Треблинка. Исследования. Воспоминания. Документы

22
18
20
22
24
26
28
30

Трио начинало играть довоенные шлягеры, что вызвало у нас чувство боли и депрессию, возвращая на много лет назад. Немцы же были довольны – им удалось создать в лагере смерти «оркестр».

Мы стояли на плаце для построений, Артур Голд наигрывал нам старые мелодии и напевы. Лагерь обволакивал сладковатый смрад разлагавшихся трупов, он проникал в нас, словно хотел остаться с нами навсегда, этот смрад стал частью нас, это все, что осталось от наших семей и любви, последняя память о народе, убитом в газовых камерах, он стелился на десятки километров и давал представление о том, что происходило в лагере.

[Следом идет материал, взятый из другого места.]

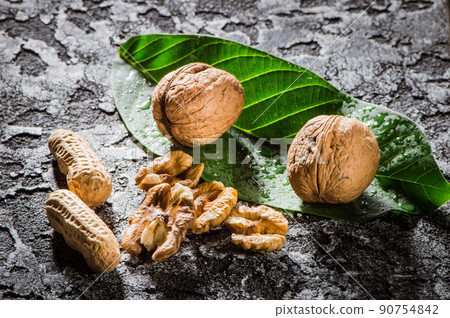 Fresh peanuts in shell top view background 90754842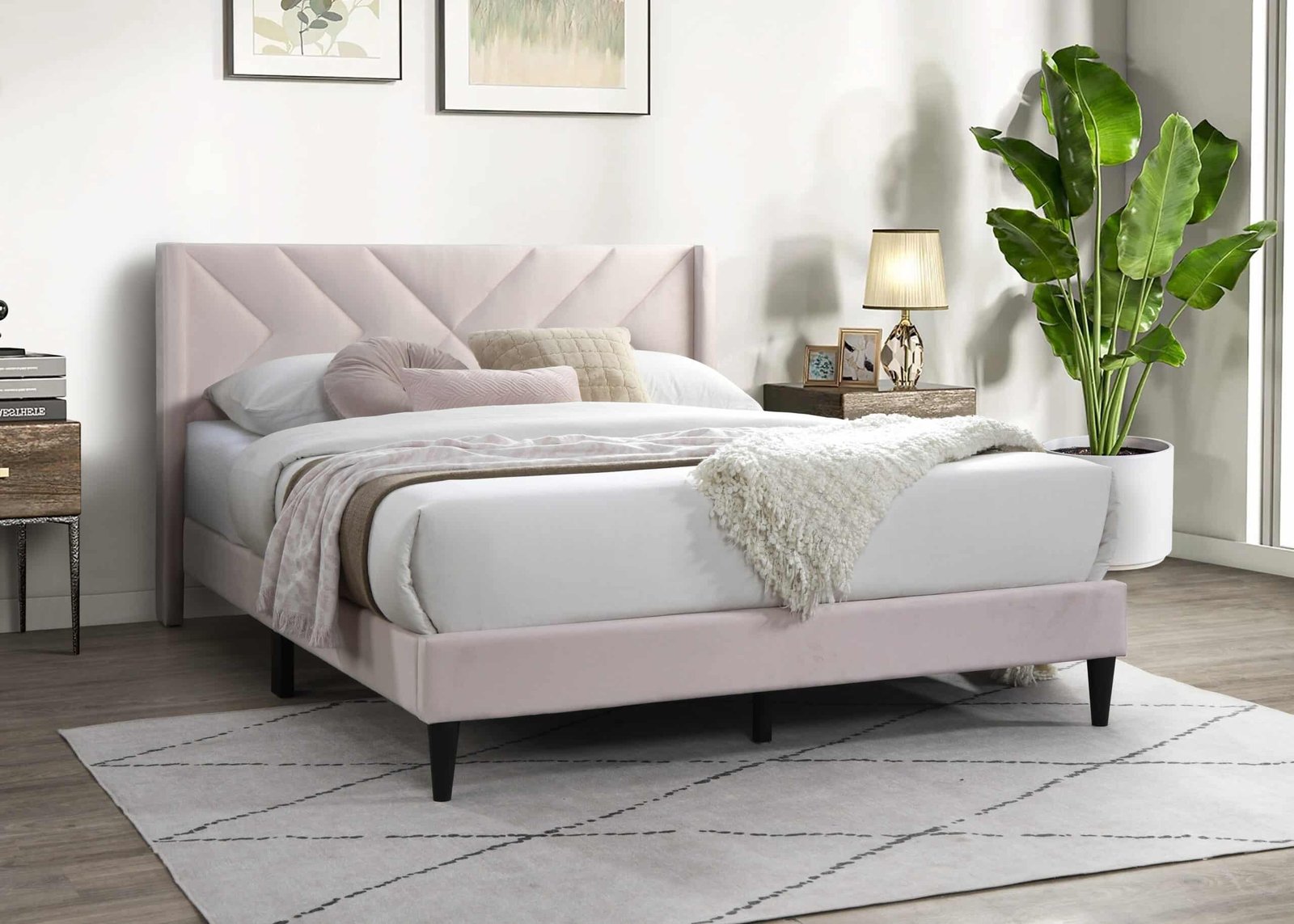 8da07b6115a0bb6e45857fa2f38f6a77 Velvet Queen Bed with Geometric Headboard - Light Pink - Image 1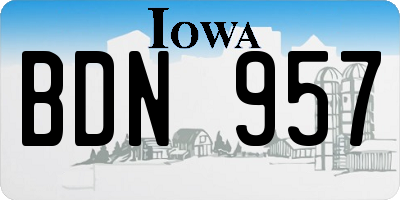 IA license plate BDN957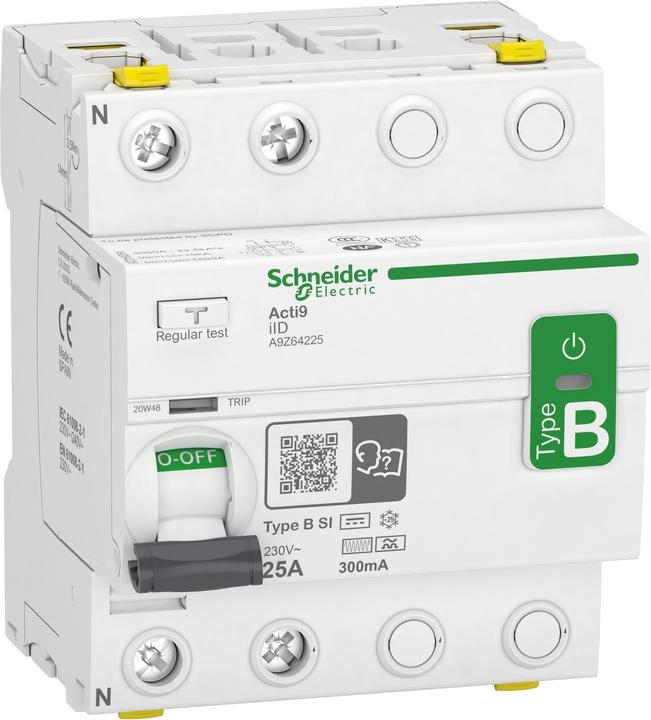 Immagine prodotto Schneider Electric A9Z64225 IID 2P 25A 300MA TYPE B-SI Interruttore differenziale sensibile a tutte le correnti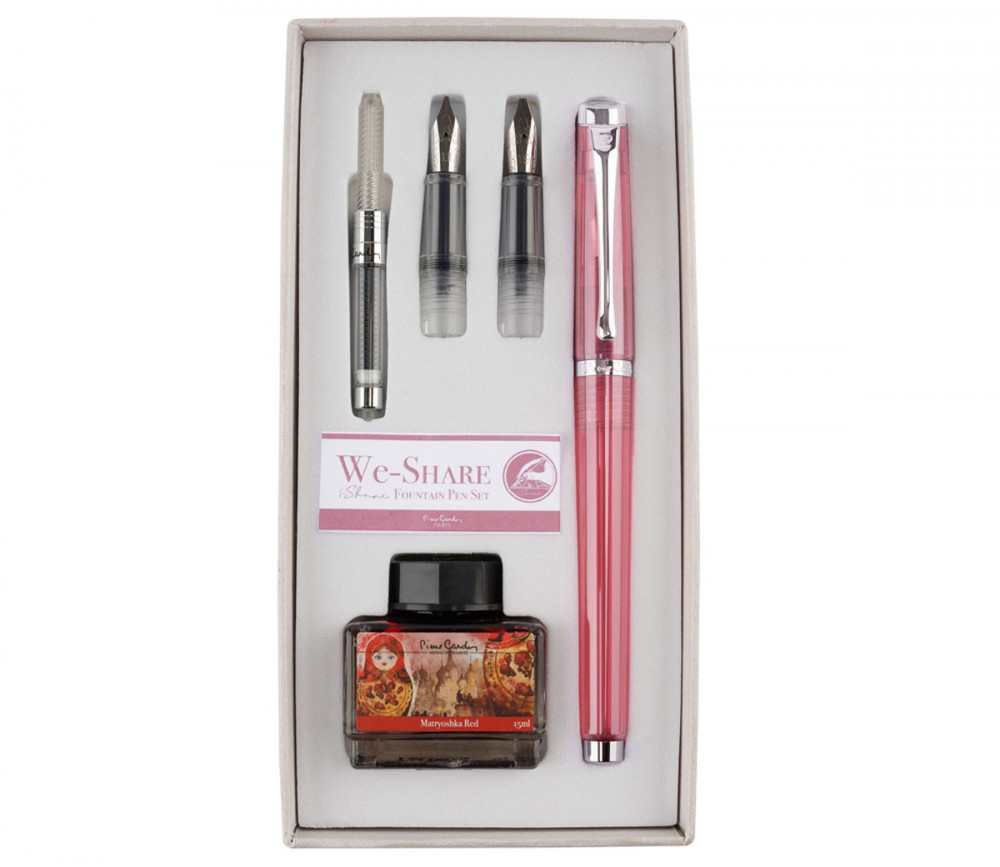 Набор для калллиграфии Pierre Cardin We-Share Pink: перьевая ручка, набор перьев, конвертер, картриджи, артикул PCW-001-5. Фото 2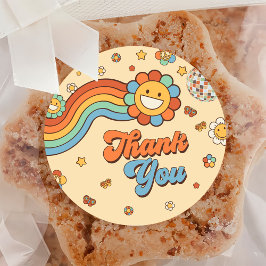 Groovy One Retro Rainbow 1st Birthday Party Runt Klistermärke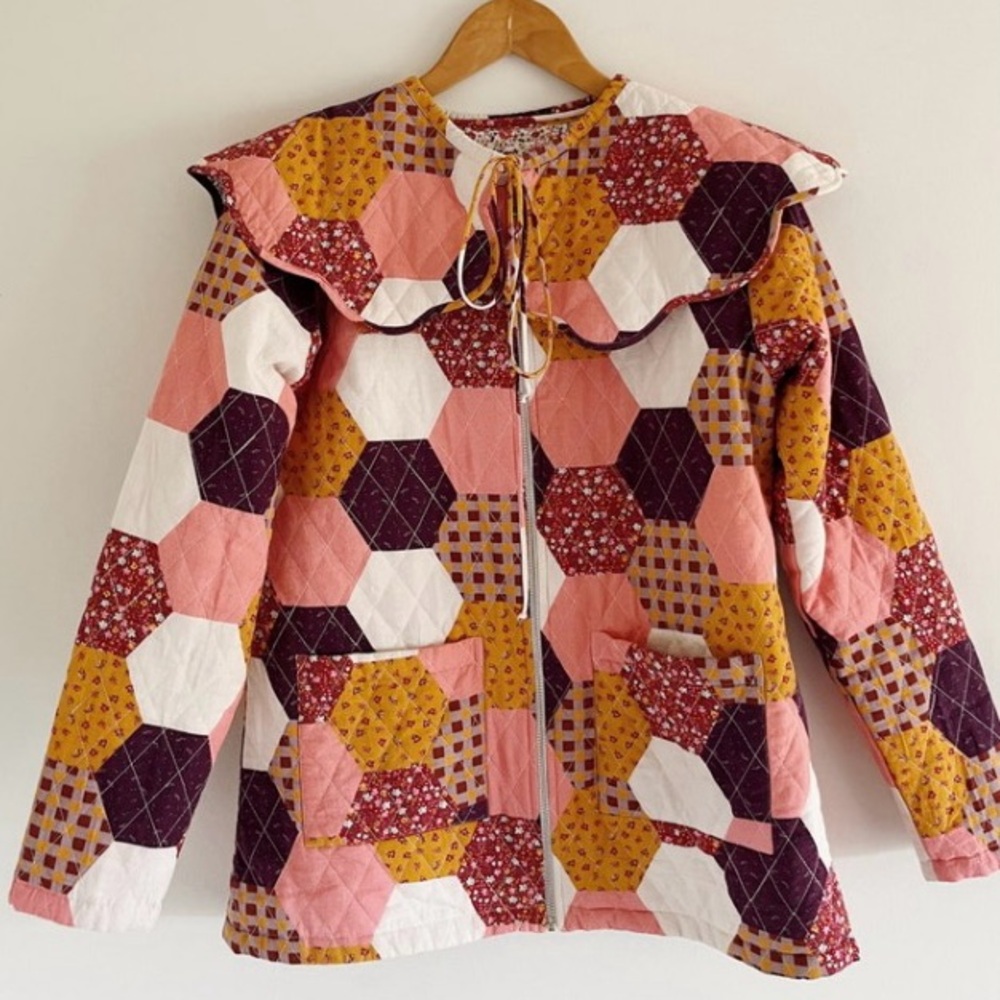 Handmade Patchwork Reversible Quilted Coat Jacket w/ Oversized Collar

После одного из концертов немцы пришли к выводу, что музыканты выглядят недостаточно хорошо – слишком длинная одежда, много ремней, высокие и тяжелые сапоги. Они приказали портным пошить для них одежду из синей блестящей ткани с галстуками-бабочками. В таких клоунских нарядах они играли для нас после построений. Несмотря на усталость после 12-часового тяжелого рабочего дня, мы были обязаны после построения стоять и слушать концерт. Обычно их мелодии сопровождал шум работавшего мотора бульдозера. Бульдозер работал в лагере уничтожения, немцы торопились замести следы и сжечь трупы. Сразу же после концерта эсэсовцы приказали нам остановиться у входа в барак в том же порядке, как мы стояли на плаце для построений. Группы разделены по блокам с ответственными по блоку во главе. У забора стоял эсэсовец Лялька со сложенными на груди руками и смотрел на нас с сардонической улыбкой. Он чувствовал себя Господом, от которого зависели наши жизнь и смерть. Старосты блоков скомандовали: «Muetzen ab! Augen links!» – «Шапки долой! Равнение налево!», и сняли шапки. Мы последовали их примеру, прижав шапки к ногам, чеканным шагом маршируя на месте. Мы были осторожны, чтобы не рисковать, – мы знали, каким чудовищем был Лялька, о его жестокости в лагере нам было известно. Его жестокая деятельность началась еще до создания лагеря. Еще в 1939 году он принимал участие в уничтожении хронических больных и душевнобольных немцев. Так мы ежедневно возвращались в бараки: после окончания работ – под звуки музыки.

23. Отхожее место

В лагере существовала проблема, вызванная отсутствием туалетов. После длительных усилий инженера Галевского эсэсов цы дали разрешение лагерной Baukommando (строительной команде) на строительство двух отхожих мест. До этого один находился на сортировочной площадке, а второй – между двумя помещениями в бараке, и вонь от испражнений в нем стала постоянной.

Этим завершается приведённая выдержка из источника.